La postal del grupo de amigos arremolinados alrededor de una pelota es un clásico de la Argentina. Si a eso le sumamos liturgia maradoniana, tips religiosos, mística y canchita con piso de tierra, el combo es potente. El hijo de Dios, que se estrenó hace unos días en los cines de Argentina, recurre al guiño para contar una pequeña historia de épica y acción. “Un western bíblico futbolero” es el slogan del film y quizá no le quede mal pero, en rigor, lo que menos importa en la película de la dupla Fernández-Girod es la referencia religiosa, más allá de que la trama la ubica en distintos pasajes y que los nombres de los personajes remiten al universo de sus seres mitológicos como Jesús y María Magdalena, pasando por Pilatos y Pedro. Porque el golazo olímpico en esta producción independiente es el partido de fútbol entre el grupo de amigos que se encuentra atrapado en un pueblo hostil y la policía del lugar, que los tiene en una celda de la que sólo podrán salir si les ganan un picado en el potrero.
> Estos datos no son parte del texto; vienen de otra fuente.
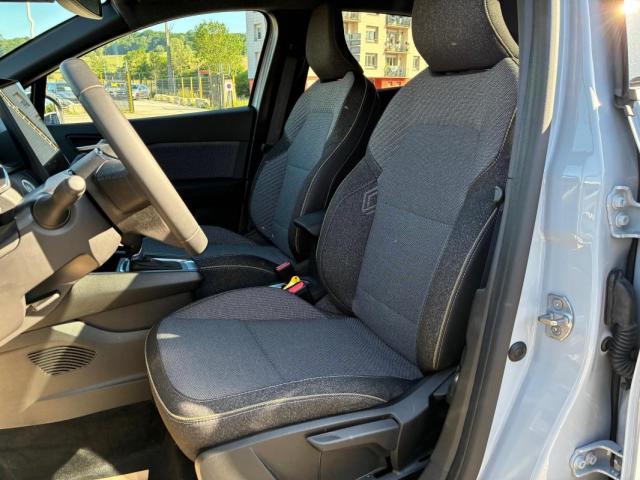 Renault Captur image 9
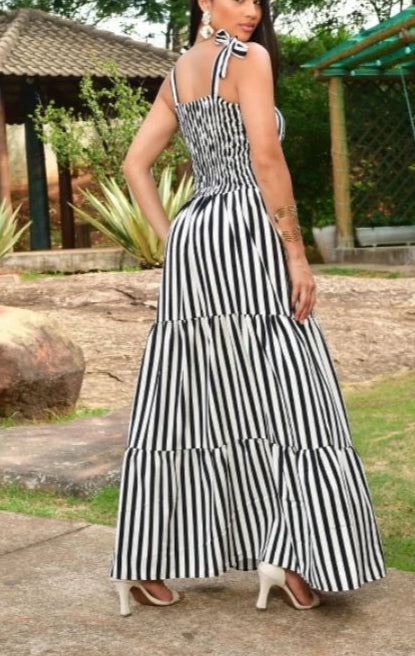 Vestido longo Paty em listras preto e branco, ideal para ocasiões sofisticadas ao ar livre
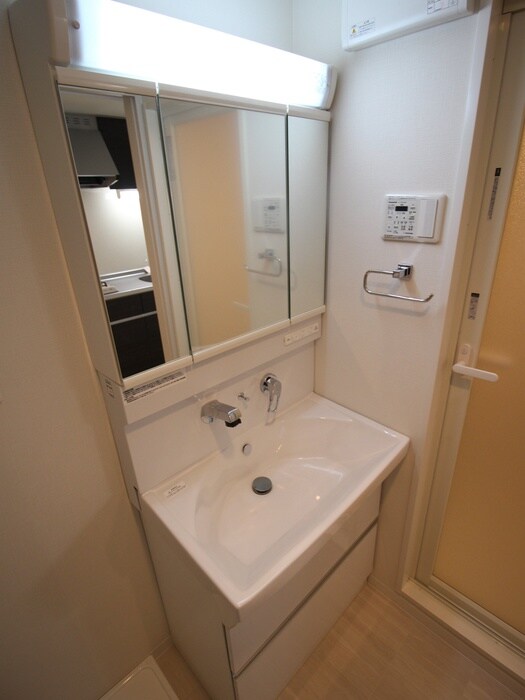 物件内観写真8　(洗面)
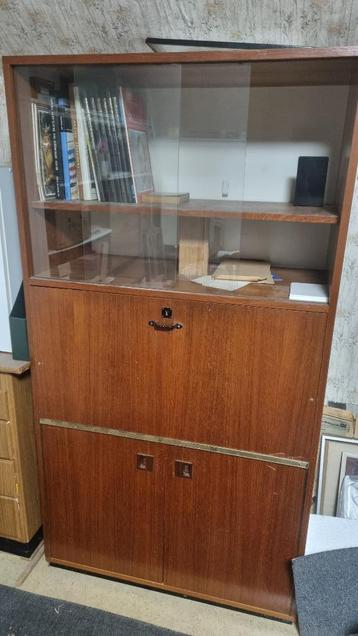 Bibliotheek uit de jaren 60 beschikbaar voor biedingen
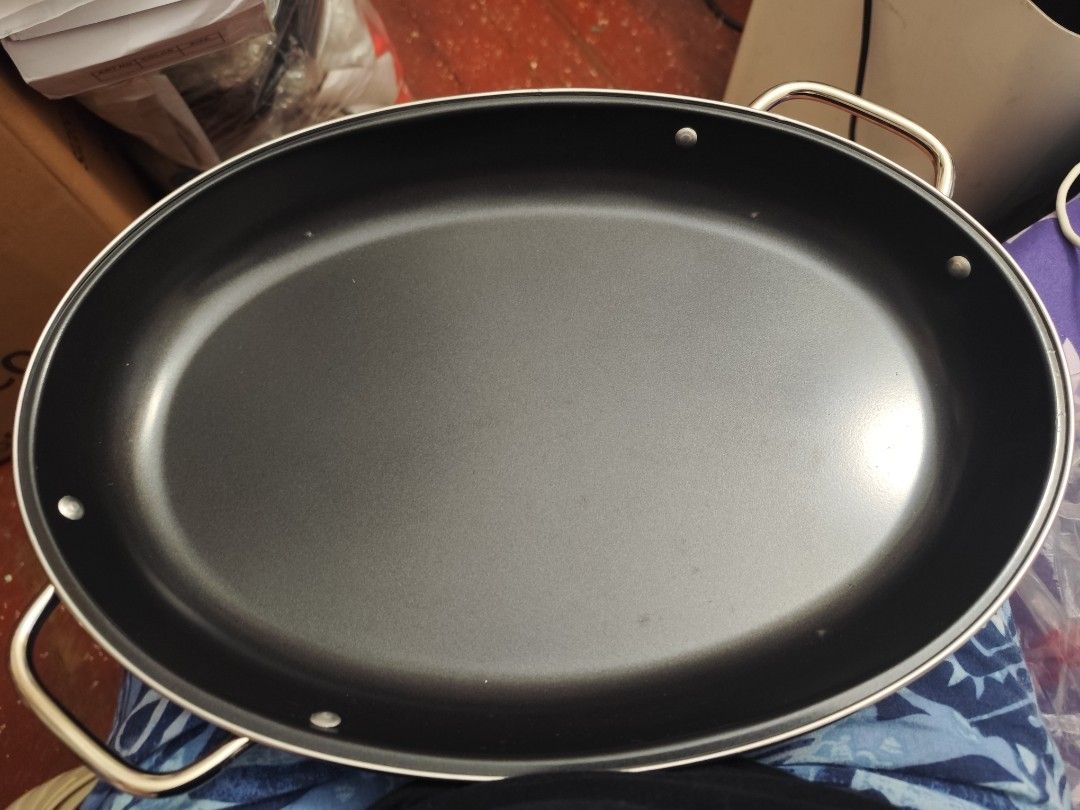 Heavy Gauge Oval Roast Pan with Rack (Category: Cookware & Accessories) located in Manila. Submitted by marriage031073advocate (Listing ID 1464430394, Image 2). Description: - Heavy gauge oval roast pan - Non-stick PTFE coating - Oven and stovetop compatible - Perfect for roasting chicken, fish, and more - Includes a wire rack - Box shows wear, but pan is unused.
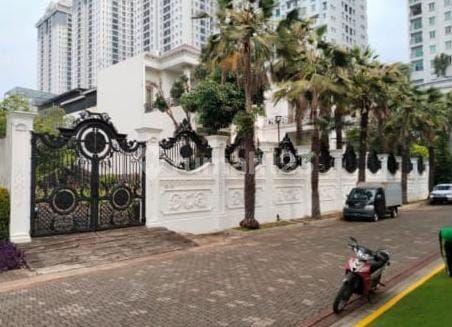Di Jual Rumah Mewah, Rumah Sultan Di Komplek Mewah Kelapa Gading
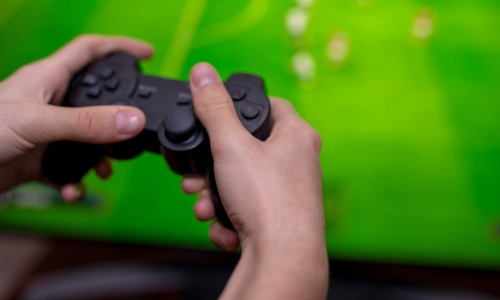 به لطف بیماری همه گیر ، بازی های ویدیویی صنعت بزرگ تری نسبت به فیلم ها و ورزش های آمریکای شمالی است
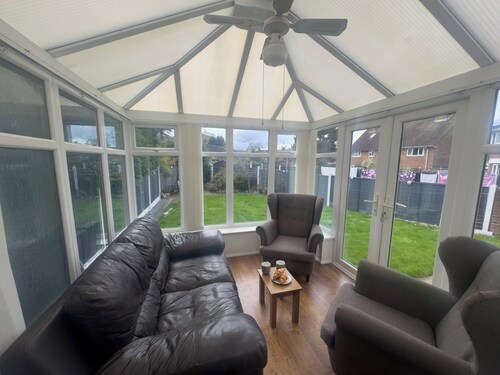 House - Sleeps 10 - Parking - Stn Close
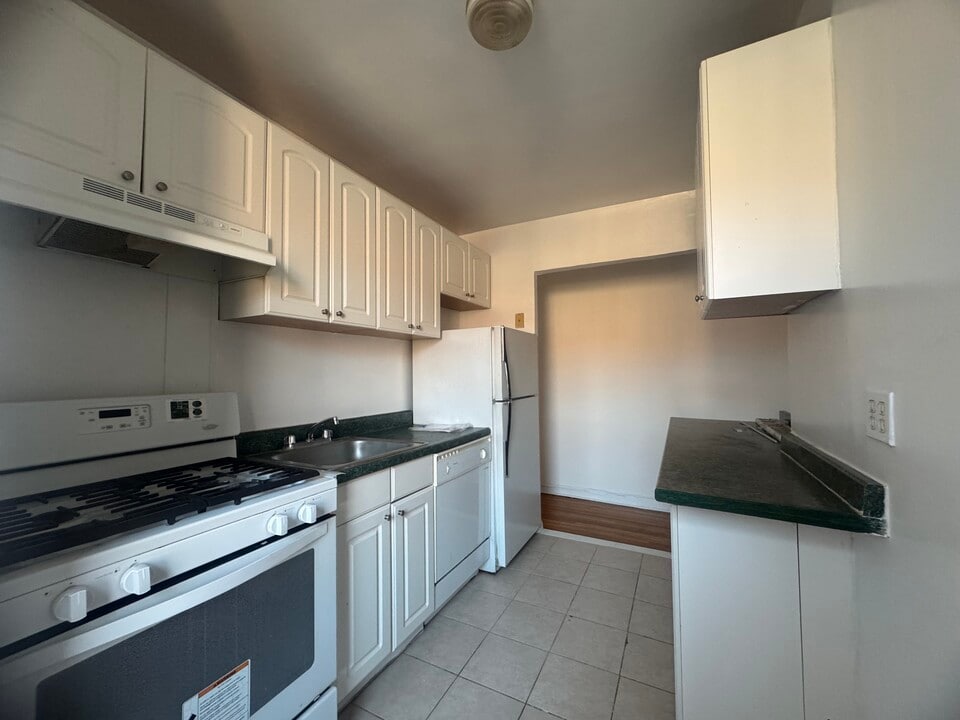 3404 76th St, Unit 3 in Jackson Heights, NY - Foto de edificio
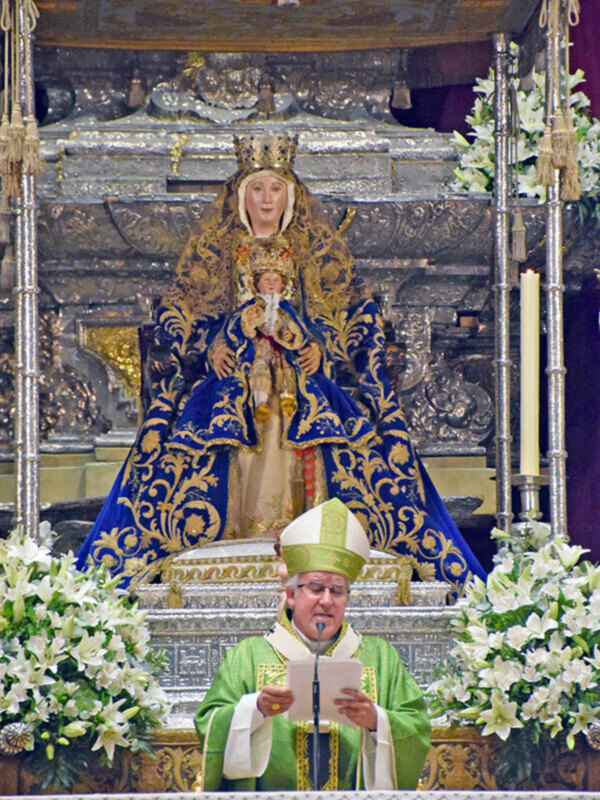 Novena a la Patrona de Sevilla la Virgen de los Reyes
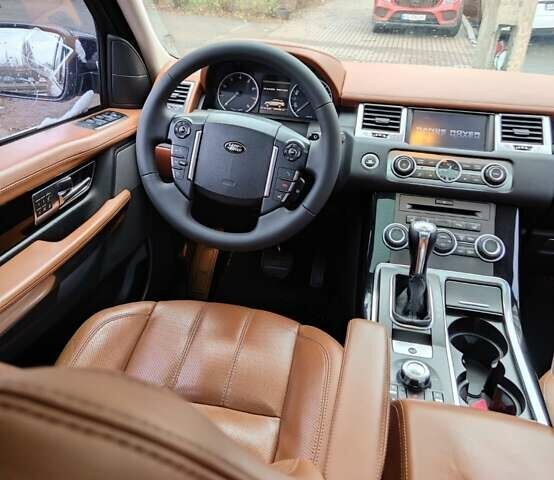 Черный Ленд Ровер Рендж Ровер, объемом двигателя 5 л и пробегом 210 тыс. км за 17000 $, фото 9 на Automoto.ua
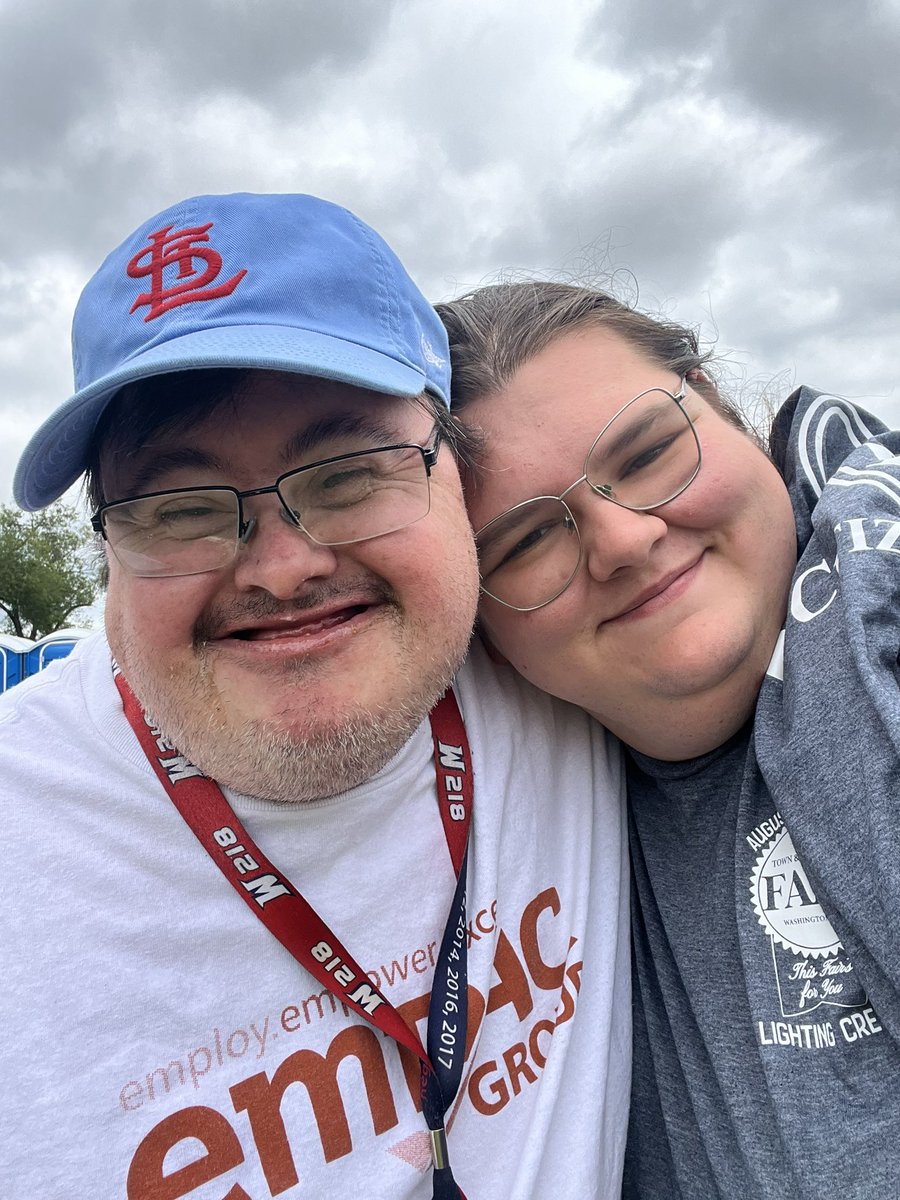buddyashley97's tweet photo. Day one! #24washmofair https://t.co/4JBFzOd9io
El film recorre la cosmogonía futbolera y ahí radica su atractivo transversal; en las referencias a cargo de tipos como el ruso Verea, prócer del periodismo deportivo con conciencia de clase. La elección de Verea por sobre figurones como Pagani o algún otro capitoste de las señales de cable, por ejemplo, es una marca de autor y se agradece. Frases que remiten a Maradona, Houseman y otros nombres propios de la pelota nacional y popular recorren los diálogos y, más allá de algunos problemas en las actuaciones, las escenas están bien logradas y parecen preparar al espectador/hincha para el climax del fin de fiesta. En el año del estreno de Hijos nuestros (el opus sanlorencista con protagónico de Carlos Portaluppi), El hijo de Dios (otro día hablemos de la relación entre fútbol y paternidad) viene a sumar su título a la demasiado breve lista del cine argentino dedicado al noble deporte del balompié. En buena hora.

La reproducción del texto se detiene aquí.